GIVEN DATA:
>>

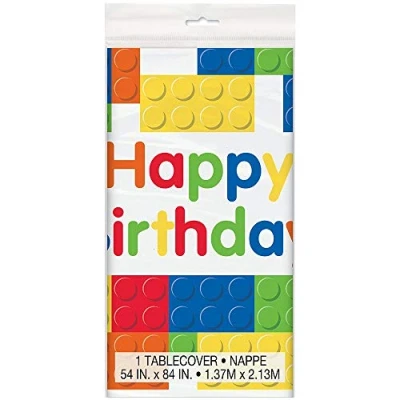 Image of Building Blocks Multicolor Rectangular Plastic Table Cover (137cm x 213cm) 1 Piece Durable, Fun, and Easy to Clean Decor for Kids&#039; Celebrations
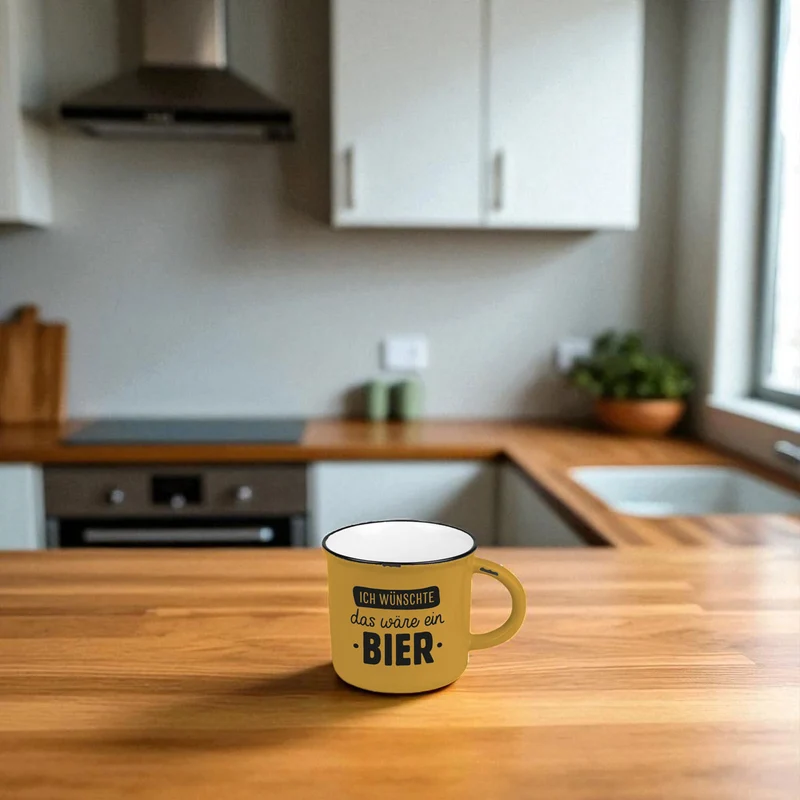 Vintage Kaffeebecher 400ml Keramik "wünschte ein Bier" Blau Emaille-Look Kaffeetasse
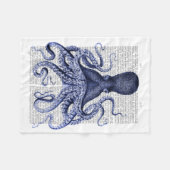 Blauwe octopus fleece deken (Voorkant (Horizontaal))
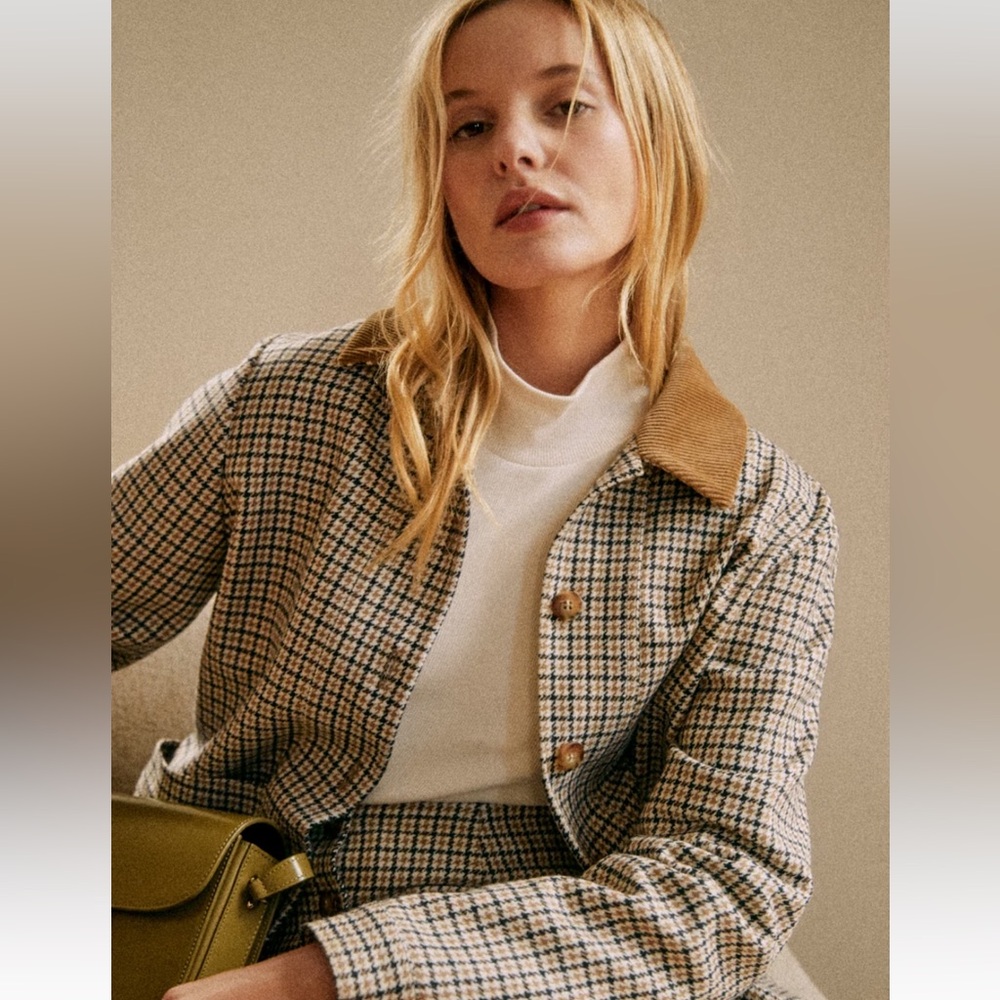 Sezane Will Jacket Navy Ochre Houndstooth - Size M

<<

AIM OF THE EXERCISE: Write out verbatim the lines from the one containing "Blauwe octopus fleece" through the last line of the listing above, and no other lines; omit pictures.

SOLUTION:
 Blauwe octopus fleece deken (Voorkant (Horizontaal))
 Sezane Will Jacket Navy Ochre Houndstooth - Size M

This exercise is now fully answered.